Function & Class Templates
{:.gc-basic}
Basic
Templates let you write type-independent code. The compiler generates concrete versions at compile time.
// Function template
template <typename T>
T clamp(T val, T lo, T hi) {
return (val < lo) ? lo : (val > hi) ? hi : val;
}
float f = clamp(3.5f, 0.0f, 1.0f); // T = float
int i = clamp(150, 0, 100); // T = int
// Class template
template <typename T, std::size_t N>
class RingBuffer {
T buf_[N];
int head_ = 0, tail_ = 0, count_ = 0;
public:
bool push(const T& v) {
if (count_ == static_cast<int>(N)) return false;
buf_[tail_] = v;
tail_ = (tail_ + 1) % N;
++count_;
return true;
}
bool pop(T& out) {
if (count_ == 0) return false;
out = buf_[head_];
head_ = (head_ + 1) % N;
--count_;
return true;
}
int size() const { return count_; }
bool empty() const { return count_ == 0; }
};
RingBuffer<float, 32> sensor_buf;
sensor_buf.push(23.5f);
Template Type Deduction
template <typename T>
void print(T val) { std::cout << val << '\n'; }
print(42); // T = int
print(3.14); // T = double
print("hello"); // T = const char*
// Explicit instantiation
print<float>(42); // T = float
STL Containers
{:.gc-basic}
Basic
Sequence Containers
#include <vector>
#include <deque>
#include <list>
#include <array>
// std::vector — dynamic array, O(1) amortised push_back
std::vector<int> v = {1, 2, 3};
v.push_back(4);
v.emplace_back(5); // construct in-place
v.reserve(100); // pre-allocate
v.resize(10, 0); // resize with fill value
v.erase(v.begin() + 2); // erase index 2
// std::array — fixed-size stack array (C++11)

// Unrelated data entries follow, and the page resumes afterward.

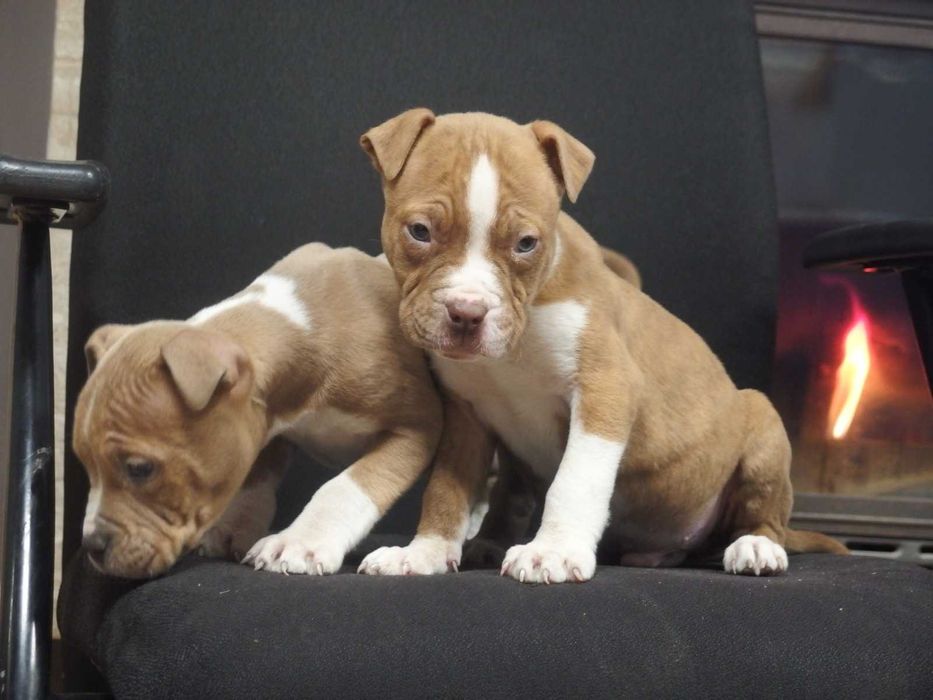 American Staffordshire Terrier Amstaff Suka
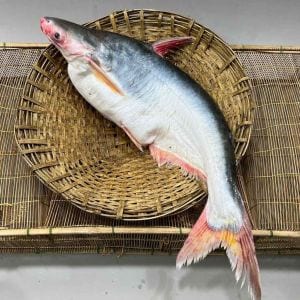 Fresh Pangas Fish
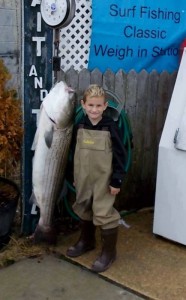 sam adams, striped bass, new jersey, striped bass, rockfish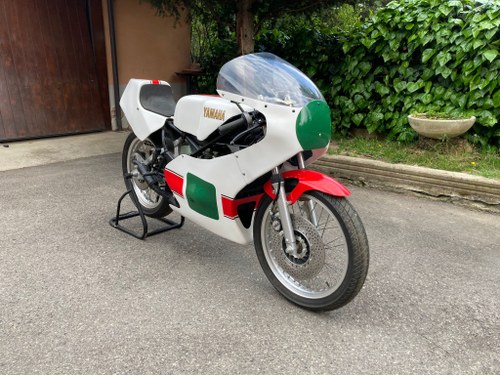 1982 Yamaha TZ 250 For Sale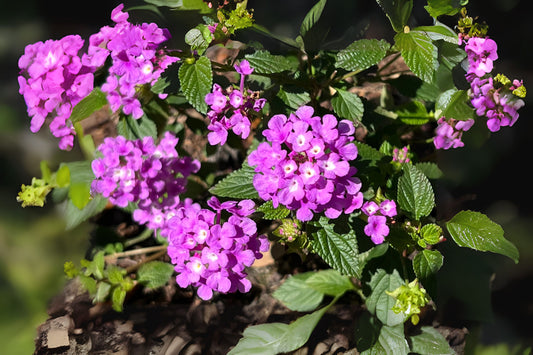 Purple Lantana Plant 6 in Pot - Colorful Lantana camara for Garden, Butterfly Attracting Ornamental Shrub, Drought-Tolerant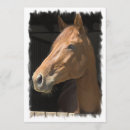 Search for thoroughbreds invitations Equine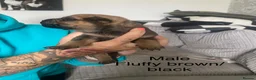 Mixed Breed dogs for sale: ROTTWEILER cross bullmastiff  in Preston - Advert 8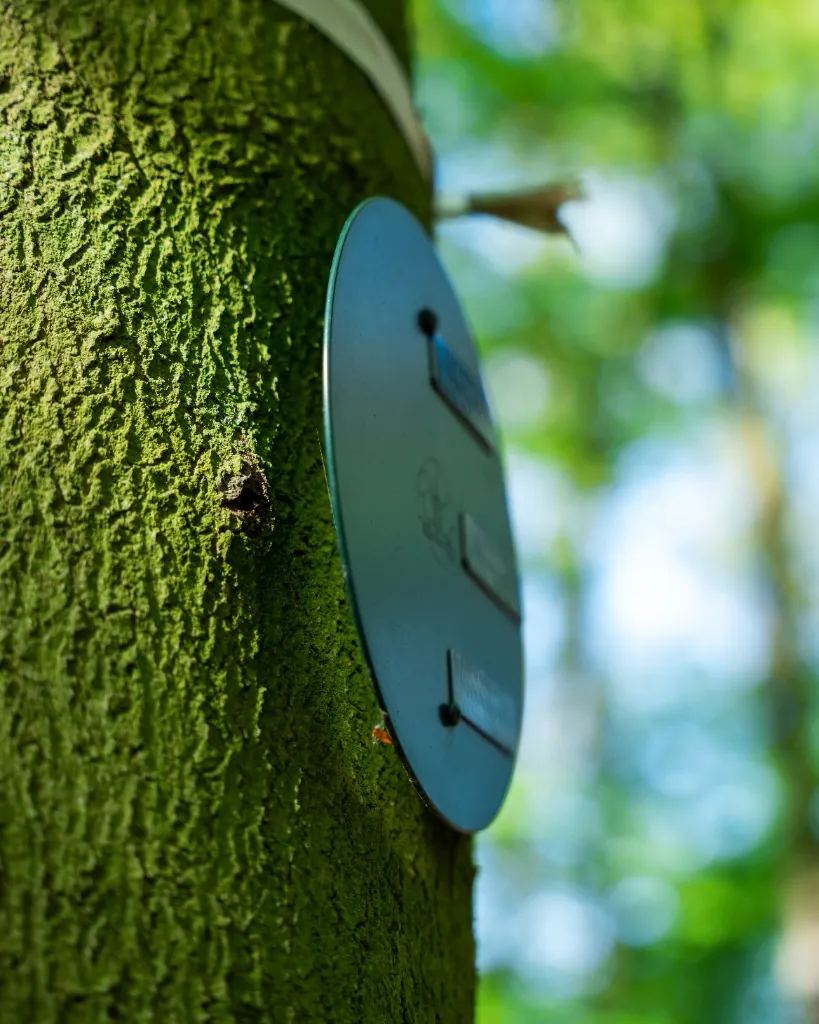 Namensplakette an einem Baum im Ruhewald Sandfort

std::array<float, 4> arr = {1.0f, 2.0f, 3.0f, 4.0f};
arr.size(); // 4, known at compile time
// std::deque — double-ended queue, O(1) push front/back
std::deque<int> dq;
dq.push_front(0);
dq.push_back(1);
// std::list — doubly-linked list, O(1) insert/erase anywhere
std::list<int> lst = {1, 2, 3};
auto it = std::next(lst.begin(), 1);
lst.insert(it, 42); // insert before position
Associative Containers
#include <map>
#include <unordered_map>
#include <set>
// std::map — sorted key-value, O(log n)
std::map<std::string, int> reg_map = {
{"CTRL", 0x40}, {"STATUS", 0x41}
};
reg_map["DATA"] = 0x42;
auto it = reg_map.find("CTRL");
if (it != reg_map.end())
std::cout << it->second << '\n';
// std::unordered_map — hash map, O(1) average
std::unordered_map<int, std::string> id_name;
id_name[1] = "sensor_a";
id_name.count(1); // 1 if present
// std::set — sorted unique values, O(log n)
std::set<int> seen;
seen.insert(42);
bool found = seen.count(42); // true
Container Selection Guide
| Need | Container |
|---|---|
| Fast random access, push_back | vector |
| Fast push_front and push_back | deque |
| Fast insert/erase anywhere | list |
| Sorted key→value | map |
| Fast key→value lookup | unordered_map |
| Unique sorted elements | set |
| Fixed-size stack array | array |
| LIFO stack | stack<T> (adapts deque) |
| FIFO queue | queue<T> (adapts deque) |
| Priority queue / heap | priority_queue<T> |
Iterators & Algorithms
{:.gc-mid}
Intermediate
Iterator Categories
std::vector<int> v = {5, 3, 1, 4, 2};
// Range-based for (uses begin()/end())
for (int x : v) std::cout << x << ' ';
// Iterator loop
for (auto it = v.begin(); it != v.end(); ++it)
*it *= 2;
// Reverse iteration
for (auto it = v.rbegin(); it != v.rend(); ++it)
std::cout << *it << ' ';
// With index (C++20 enumerate alternative)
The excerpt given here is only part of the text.